Share Price Today: Monitoring a company's share price is essential for investors, providing real-time information on market sentiment and the perceived value of the stock. Ticker by Finology offers a convenient resource to access Yes Bank Ltd.'s share price today. Through the platform, investors can stay updated on the stock's performance, including historical price movements and key indicators. Keeping a close eye on the share price enables investors to stay informed about Yes Bank Ltd.'s market position.
Market Cap: A company's market capitalization indicates its overall value, determined by multiplying its current share price by the total number of outstanding shares. Understanding Yes Bank Ltd.'s market cap helps investors gauge its relative standing in the market. Ticker by Finology provides valuable information on the company's market capitalization, allowing investors to assess its size and compare it to other players in the industry.
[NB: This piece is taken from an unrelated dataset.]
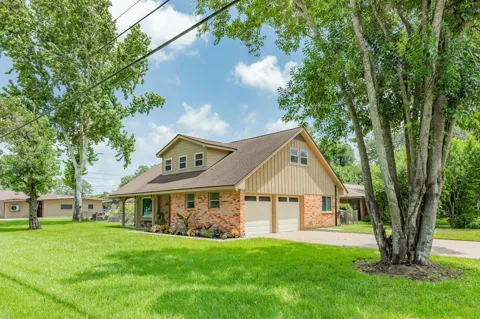 811 Loggins Drive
This insightful data aids investors in making well-informed decisions.
Price Chart Analysis: Technical analysis is a powerful tool for investors, and analyzing a stock's price chart can uncover valuable insights. Ticker by Finology offers tools and resources for price chart analysis, aiding investors in understanding Yes Bank Ltd.'s stock performance. By assessing historical price patterns, investors can identify potential trends, support and resistance levels, and useful technical indicators. This analysis helps investors make informed decisions regarding their investments in Yes Bank Ltd.
Balance Sheet Evaluation: Evaluating a company's balance sheet is crucial for investors, as it reveals key financial metrics such as assets, liabilities, and shareholders' equity. Ticker by Finology may provide access to accurate and up-to-date balance sheet information for Yes Bank Ltd. This information assists investors in evaluating the company's financial health, liquidity, debt levels, and overall stability. By examining these aspects, investors can make well-informed investment decisions based on a comprehensive understanding of Yes Bank Ltd.
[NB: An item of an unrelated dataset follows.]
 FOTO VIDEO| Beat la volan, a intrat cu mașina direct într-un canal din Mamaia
Conclusion: Understanding Yes Bank Ltd.'s share price, market capitalization, price chart, and balance sheet is vital for investors seeking to make informed decisions in the stock market. Ticker by Finology serves as a reliable platform to analyze these aspects without any promotional content. By leveraging the insights offered through Ticker by Finology, investors can gain a comprehensive understanding of Yes Bank Ltd.'s performance and prospects. Always remember to consider multiple reputable sources and thoroughly evaluate information before investing.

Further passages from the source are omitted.